The response is to be the full listing, set down exactly.

---*---

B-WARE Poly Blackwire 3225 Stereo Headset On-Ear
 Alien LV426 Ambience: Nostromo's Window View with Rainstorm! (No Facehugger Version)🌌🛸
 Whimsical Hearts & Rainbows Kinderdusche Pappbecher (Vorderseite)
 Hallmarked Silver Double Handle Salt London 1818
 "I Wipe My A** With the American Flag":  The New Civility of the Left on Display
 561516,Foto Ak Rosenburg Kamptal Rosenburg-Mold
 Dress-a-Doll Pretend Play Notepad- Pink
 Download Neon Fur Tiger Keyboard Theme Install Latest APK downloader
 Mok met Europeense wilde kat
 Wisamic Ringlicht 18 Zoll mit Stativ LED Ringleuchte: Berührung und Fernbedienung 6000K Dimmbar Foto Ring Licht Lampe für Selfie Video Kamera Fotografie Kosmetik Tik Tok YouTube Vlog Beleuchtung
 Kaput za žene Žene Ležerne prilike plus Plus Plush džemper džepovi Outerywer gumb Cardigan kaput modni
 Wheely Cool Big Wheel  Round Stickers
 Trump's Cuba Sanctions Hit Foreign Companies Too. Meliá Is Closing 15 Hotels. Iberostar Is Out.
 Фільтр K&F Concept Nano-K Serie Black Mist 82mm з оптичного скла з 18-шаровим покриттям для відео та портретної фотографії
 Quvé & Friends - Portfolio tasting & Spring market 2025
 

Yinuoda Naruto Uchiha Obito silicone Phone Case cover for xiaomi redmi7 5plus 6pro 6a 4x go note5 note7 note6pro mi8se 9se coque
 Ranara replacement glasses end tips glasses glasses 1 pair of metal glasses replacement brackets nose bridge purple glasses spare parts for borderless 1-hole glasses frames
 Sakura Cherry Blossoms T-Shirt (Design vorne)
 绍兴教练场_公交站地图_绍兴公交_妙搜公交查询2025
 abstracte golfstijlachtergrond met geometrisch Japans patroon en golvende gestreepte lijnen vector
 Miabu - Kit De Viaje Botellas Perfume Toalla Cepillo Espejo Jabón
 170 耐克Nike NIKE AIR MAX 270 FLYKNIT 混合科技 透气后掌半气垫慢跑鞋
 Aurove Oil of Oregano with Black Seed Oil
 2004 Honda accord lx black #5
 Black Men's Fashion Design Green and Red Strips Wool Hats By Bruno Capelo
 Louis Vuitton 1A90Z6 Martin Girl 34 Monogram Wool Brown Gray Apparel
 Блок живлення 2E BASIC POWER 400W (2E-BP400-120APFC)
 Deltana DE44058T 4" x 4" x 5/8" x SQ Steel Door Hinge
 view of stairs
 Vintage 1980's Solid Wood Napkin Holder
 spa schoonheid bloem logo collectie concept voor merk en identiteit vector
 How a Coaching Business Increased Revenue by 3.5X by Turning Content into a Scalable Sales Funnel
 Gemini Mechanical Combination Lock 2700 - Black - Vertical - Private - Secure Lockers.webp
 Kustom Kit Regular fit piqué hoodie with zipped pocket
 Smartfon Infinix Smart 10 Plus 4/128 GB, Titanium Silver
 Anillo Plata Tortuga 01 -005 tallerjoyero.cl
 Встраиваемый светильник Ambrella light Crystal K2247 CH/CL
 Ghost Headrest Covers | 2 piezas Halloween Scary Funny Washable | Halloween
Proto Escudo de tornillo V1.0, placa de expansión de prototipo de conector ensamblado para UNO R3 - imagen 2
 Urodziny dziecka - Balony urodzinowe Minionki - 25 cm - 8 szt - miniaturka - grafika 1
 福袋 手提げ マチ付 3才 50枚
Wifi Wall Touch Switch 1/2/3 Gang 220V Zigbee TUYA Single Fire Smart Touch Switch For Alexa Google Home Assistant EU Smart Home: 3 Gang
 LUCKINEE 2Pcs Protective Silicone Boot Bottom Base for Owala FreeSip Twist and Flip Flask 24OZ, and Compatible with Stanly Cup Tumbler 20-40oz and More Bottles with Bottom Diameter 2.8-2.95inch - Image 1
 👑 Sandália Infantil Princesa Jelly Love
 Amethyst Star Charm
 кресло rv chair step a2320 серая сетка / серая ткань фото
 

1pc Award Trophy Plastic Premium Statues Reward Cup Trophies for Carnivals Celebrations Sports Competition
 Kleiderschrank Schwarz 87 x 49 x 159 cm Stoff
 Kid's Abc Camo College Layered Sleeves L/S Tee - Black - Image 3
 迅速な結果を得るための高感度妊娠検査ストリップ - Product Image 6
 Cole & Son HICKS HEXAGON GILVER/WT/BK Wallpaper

---*---

Output of the exercise —
B-WARE Poly Blackwire 3225 Stereo Headset On-Ear
 Alien LV426 Ambience: Nostromo's Window View with Rainstorm! (No Facehugger Version)🌌🛸
 Whimsical Hearts & Rainbows Kinderdusche Pappbecher (Vorderseite)
 Hallmarked Silver Double Handle Salt London 1818
 "I Wipe My A** With the American Flag":  The New Civility of the Left on Display
 561516,Foto Ak Rosenburg Kamptal Rosenburg-Mold
 Dress-a-Doll Pretend Play Notepad- Pink
 Download Neon Fur Tiger Keyboard Theme Install Latest APK downloader
 Mok met Europeense wilde kat
 Wisamic Ringlicht 18 Zoll mit Stativ LED Ringleuchte: Berührung und Fernbedienung 6000K Dimmbar Foto Ring Licht Lampe für Selfie Video Kamera Fotografie Kosmetik Tik Tok YouTube Vlog Beleuchtung
 Kaput za žene Žene Ležerne prilike plus Plus Plush džemper džepovi Outerywer gumb Cardigan kaput modni
 Wheely Cool Big Wheel  Round Stickers
 Trump's Cuba Sanctions Hit Foreign Companies Too. Meliá Is Closing 15 Hotels. Iberostar Is Out.
 Фільтр K&F Concept Nano-K Serie Black Mist 82mm з оптичного скла з 18-шаровим покриттям для відео та портретної фотографії
 Quvé & Friends - Portfolio tasting & Spring market 2025
 

Yinuoda Naruto Uchiha Obito silicone Phone Case cover for xiaomi redmi7 5plus 6pro 6a 4x go note5 note7 note6pro mi8se 9se coque
 Ranara replacement glasses end tips glasses glasses 1 pair of metal glasses replacement brackets nose bridge purple glasses spare parts for borderless 1-hole glasses frames
 Sakura Cherry Blossoms T-Shirt (Design vorne)
 绍兴教练场_公交站地图_绍兴公交_妙搜公交查询2025
 abstracte golfstijlachtergrond met geometrisch Japans patroon en golvende gestreepte lijnen vector
 Miabu - Kit De Viaje Botellas Perfume Toalla Cepillo Espejo Jabón
 170 耐克Nike NIKE AIR MAX 270 FLYKNIT 混合科技 透气后掌半气垫慢跑鞋
 Aurove Oil of Oregano with Black Seed Oil
 2004 Honda accord lx black #5
 Black Men's Fashion Design Green and Red Strips Wool Hats By Bruno Capelo
 Louis Vuitton 1A90Z6 Martin Girl 34 Monogram Wool Brown Gray Apparel
 Блок живлення 2E BASIC POWER 400W (2E-BP400-120APFC)
 Deltana DE44058T 4" x 4" x 5/8" x SQ Steel Door Hinge
 view of stairs
 Vintage 1980's Solid Wood Napkin Holder
 spa schoonheid bloem logo collectie concept voor merk en identiteit vector
 How a Coaching Business Increased Revenue by 3.5X by Turning Content into a Scalable Sales Funnel
 Gemini Mechanical Combination Lock 2700 - Black - Vertical - Private - Secure Lockers.webp
 Kustom Kit Regular fit piqué hoodie with zipped pocket
 Smartfon Infinix Smart 10 Plus 4/128 GB, Titanium Silver
 Anillo Plata Tortuga 01 -005 tallerjoyero.cl
 Встраиваемый светильник Ambrella light Crystal K2247 CH/CL
 Ghost Headrest Covers | 2 piezas Halloween Scary Funny Washable | Halloween
Proto Escudo de tornillo V1.0, placa de expansión de prototipo de conector ensamblado para UNO R3 - imagen 2
 Urodziny dziecka - Balony urodzinowe Minionki - 25 cm - 8 szt - miniaturka - grafika 1
 福袋 手提げ マチ付 3才 50枚
Wifi Wall Touch Switch 1/2/3 Gang 220V Zigbee TUYA Single Fire Smart Touch Switch For Alexa Google Home Assistant EU Smart Home: 3 Gang
 LUCKINEE 2Pcs Protective Silicone Boot Bottom Base for Owala FreeSip Twist and Flip Flask 24OZ, and Compatible with Stanly Cup Tumbler 20-40oz and More Bottles with Bottom Diameter 2.8-2.95inch - Image 1
 👑 Sandália Infantil Princesa Jelly Love
 Amethyst Star Charm
 кресло rv chair step a2320 серая сетка / серая ткань фото
 

1pc Award Trophy Plastic Premium Statues Reward Cup Trophies for Carnivals Celebrations Sports Competition
 Kleiderschrank Schwarz 87 x 49 x 159 cm Stoff
 Kid's Abc Camo College Layered Sleeves L/S Tee - Black - Image 3
 迅速な結果を得るための高感度妊娠検査ストリップ - Product Image 6
 Cole & Son HICKS HEXAGON GILVER/WT/BK Wallpaper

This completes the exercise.